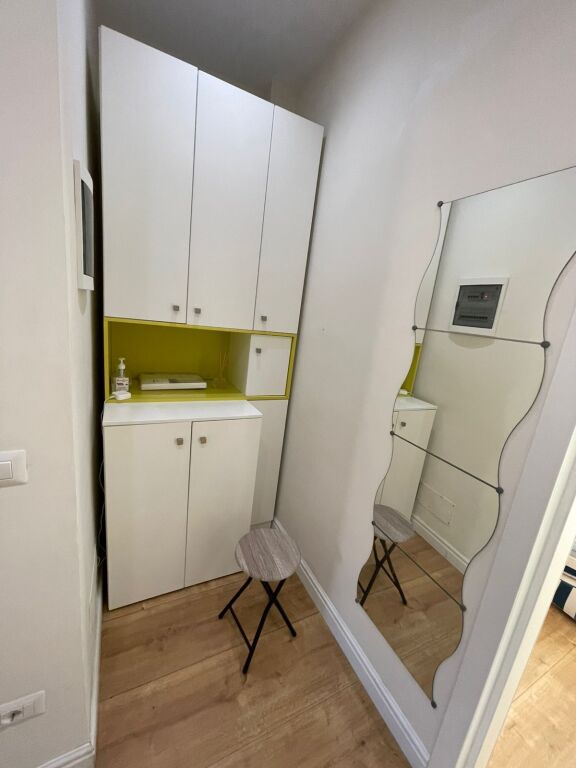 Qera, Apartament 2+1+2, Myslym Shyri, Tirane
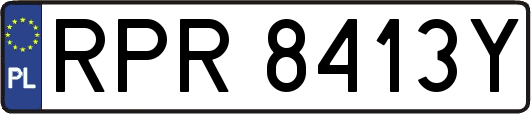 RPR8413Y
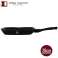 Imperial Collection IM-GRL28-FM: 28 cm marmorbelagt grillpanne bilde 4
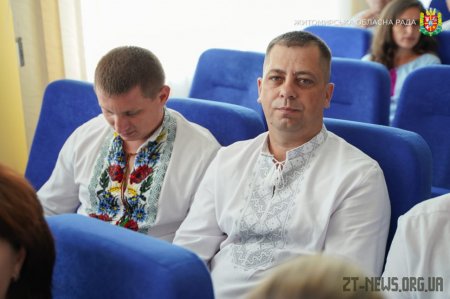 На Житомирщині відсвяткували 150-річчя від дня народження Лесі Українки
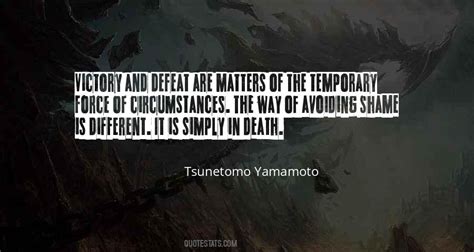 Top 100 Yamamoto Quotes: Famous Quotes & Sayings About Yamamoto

+===+

▸ INSTRUCTIONS FOR THE TASK
Every line from the one containing "Imperial Collection IM-GRL28-FM: 28" through the end of the entries above, both included, should be extracted exactly, with pictures left out.

▸ RESULT OF THIS TASK
 Imperial Collection IM-GRL28-FM: 28 cm marmorbelagt grillpanne bilde 4
 На Житомирщині відсвяткували 150-річчя від дня народження Лесі Українки
 Top 100 Yamamoto Quotes: Famous Quotes & Sayings About Yamamoto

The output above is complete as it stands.